§ **YOUR OBJECTIVE**: From start to finish, set down the entries below exactly, leaving out the pictures.

[[ EXERCISE DATA, beginning ]]

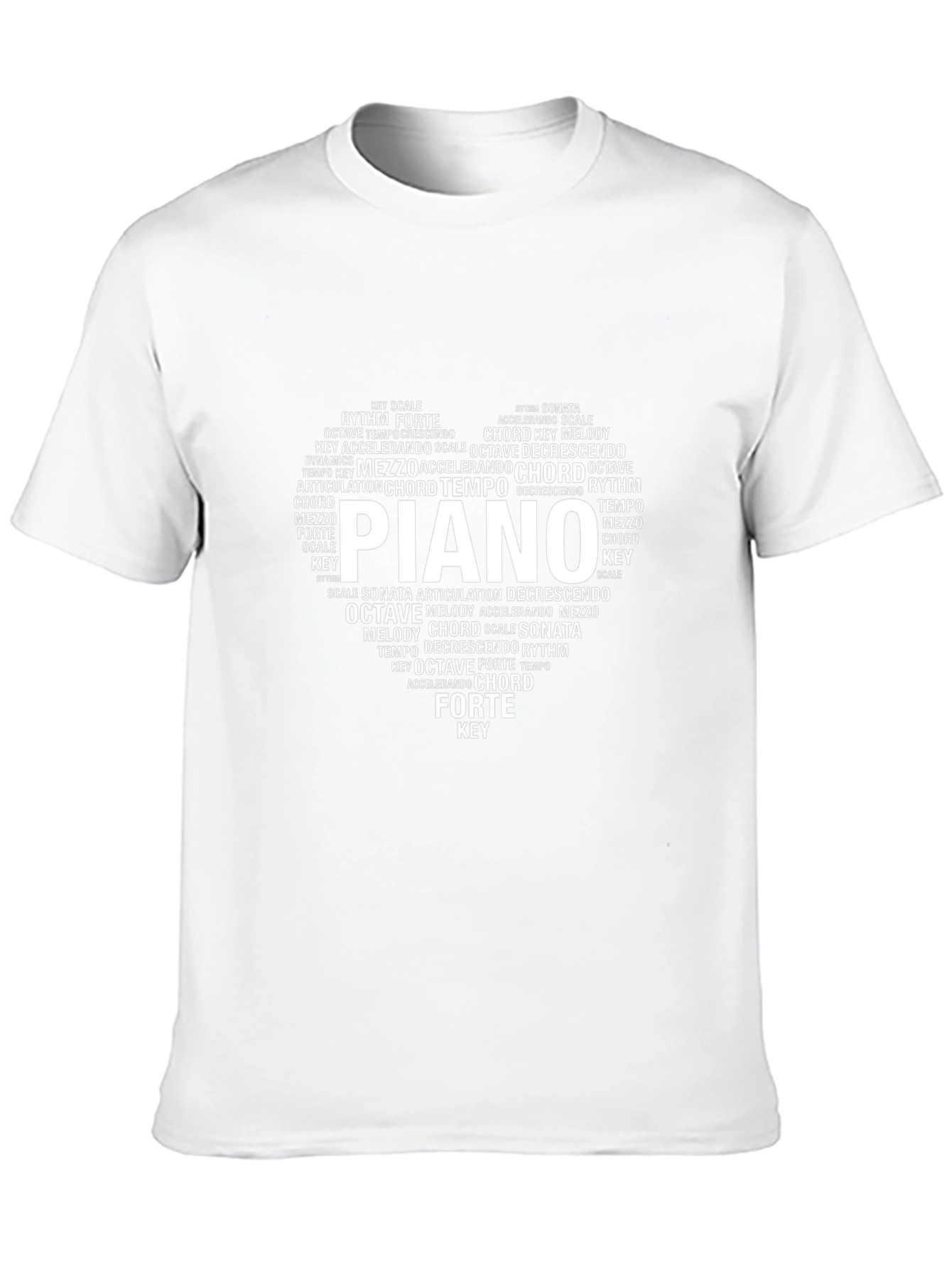 Piano Music Lover T-Shirt - Word Art Heart
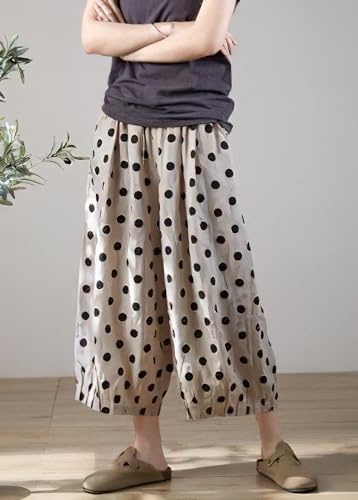 chouyatou Women's Polka Dot Print Elastic Waist Wide Leg Cotton Linen Pants Floral Capri Palazzo Trousers3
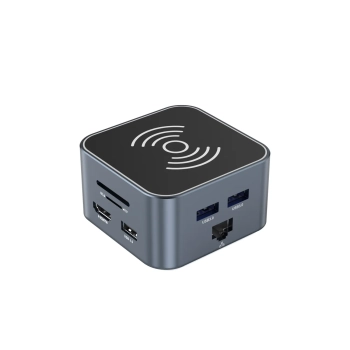 12w1 Hub z ładowarką bezprzewodową USB-A USB-C HDMI RJ45 SD TF mini jack - szary - zdj. dodatkowe 1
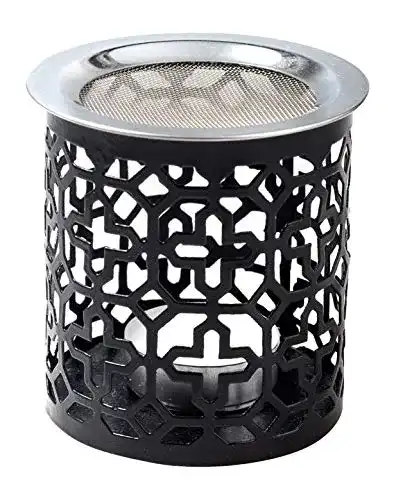 Räucherstövchen MaMeMi mit Sieb aus Eisen in SCHWARZ 8 cm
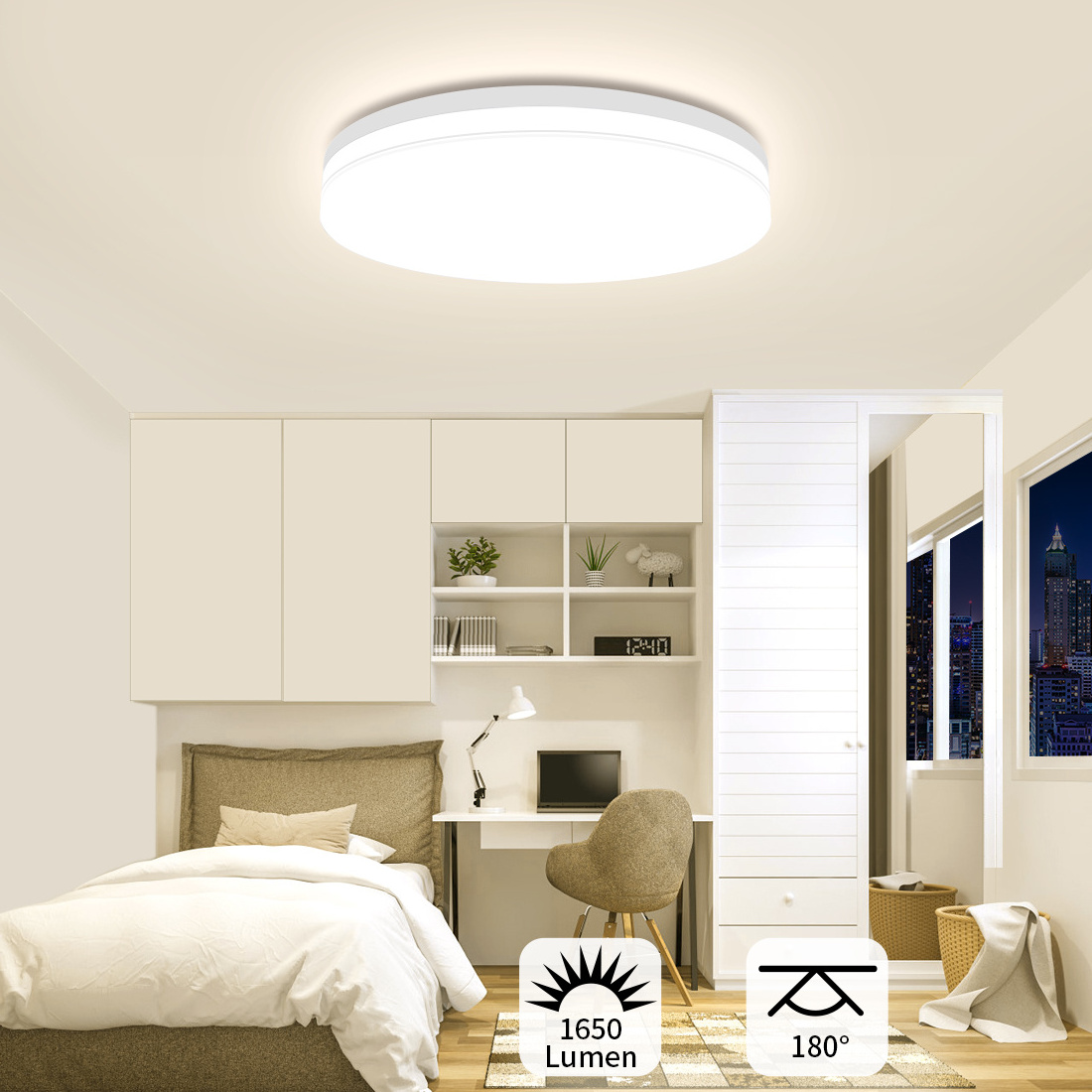 Factory price Modern 18w 4000k natural lighting ceiling lamp fixture 9.4 inch flush mount light bedroom ceiling light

[[ EXERCISE DATA, end ]]

§ **SOLVED EXERCISE**:
 Piano Music Lover T-Shirt - Word Art Heart
 chouyatou Women's Polka Dot Print Elastic Waist Wide Leg Cotton Linen Pants Floral Capri Palazzo Trousers3
 12w1 Hub z ładowarką bezprzewodową USB-A USB-C HDMI RJ45 SD TF mini jack - szary - zdj. dodatkowe 1
 Räucherstövchen MaMeMi mit Sieb aus Eisen in SCHWARZ 8 cm
 Factory price Modern 18w 4000k natural lighting ceiling lamp fixture 9.4 inch flush mount light bedroom ceiling light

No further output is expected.